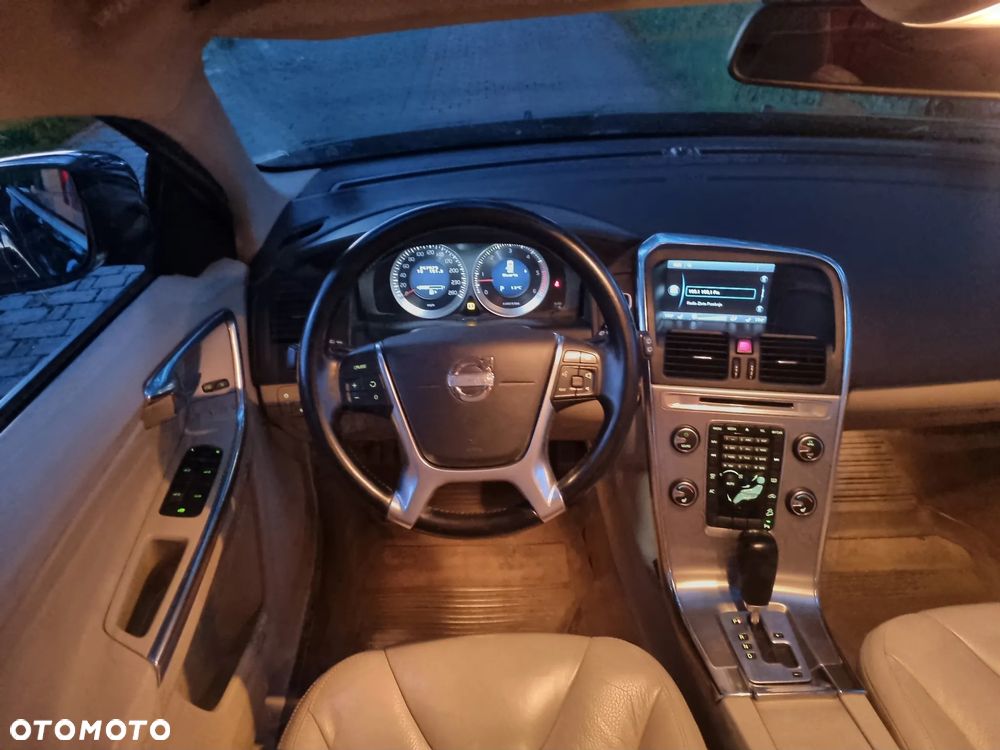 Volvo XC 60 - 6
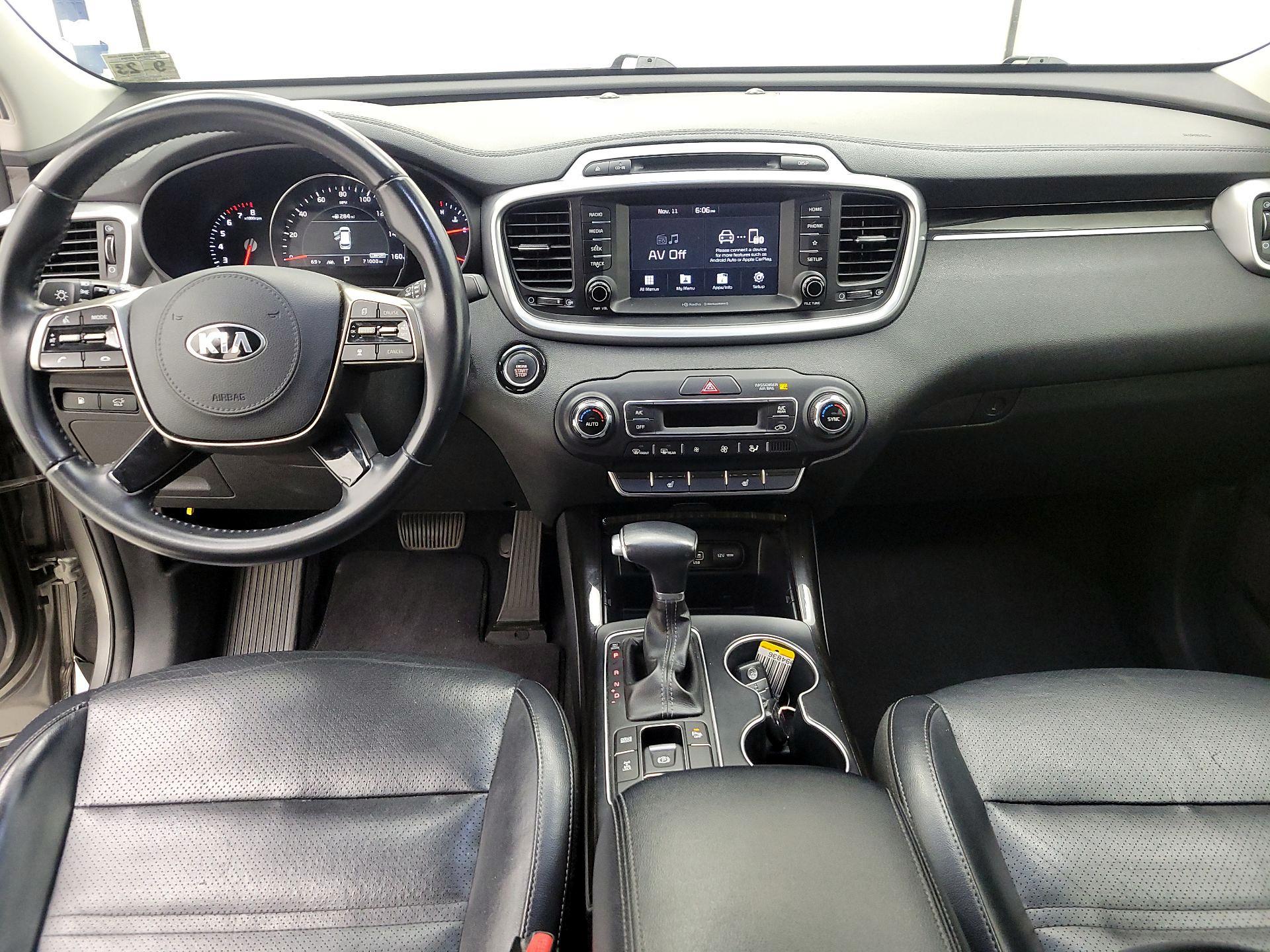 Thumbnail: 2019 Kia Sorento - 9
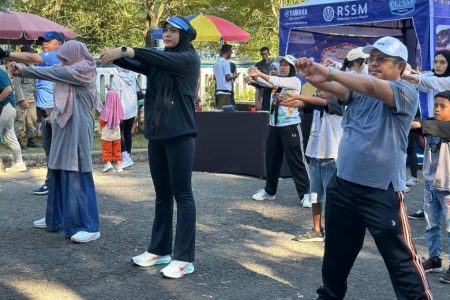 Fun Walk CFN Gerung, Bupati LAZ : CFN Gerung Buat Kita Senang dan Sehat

------------------------

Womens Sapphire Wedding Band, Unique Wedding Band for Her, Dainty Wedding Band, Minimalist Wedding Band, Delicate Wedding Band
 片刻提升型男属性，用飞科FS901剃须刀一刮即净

------------------------

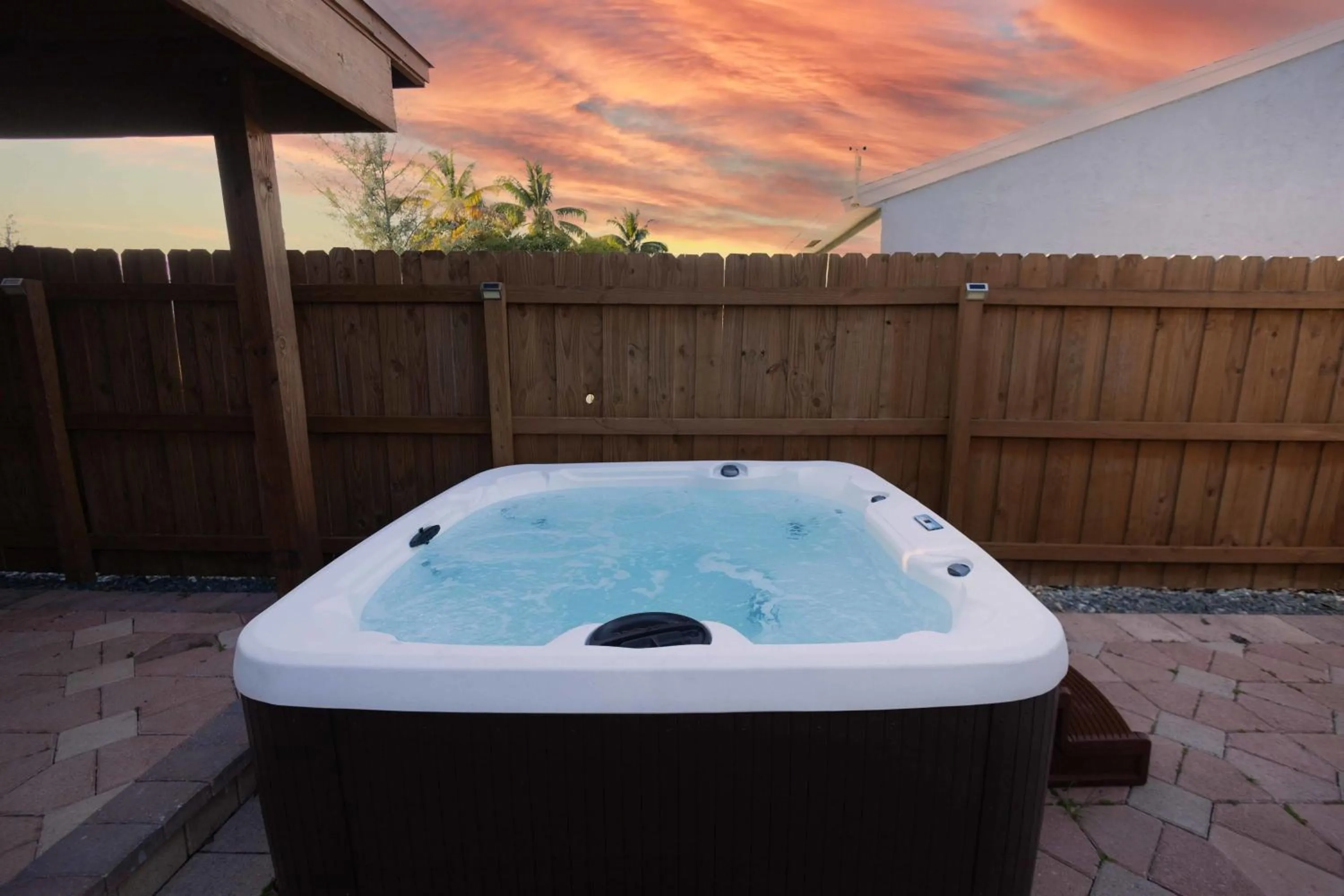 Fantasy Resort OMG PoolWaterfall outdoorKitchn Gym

------------------------

Please return the material above only from the line that holds "Thumbnail: 2019 Kia Sorento - 9" through the line that holds "Fun Walk CFN", exactly as it stands, ends included and pictures omitted.

→ Answer to this problem:
 Thumbnail: 2019 Kia Sorento - 9
 Fun Walk CFN Gerung, Bupati LAZ : CFN Gerung Buat Kita Senang dan Sehat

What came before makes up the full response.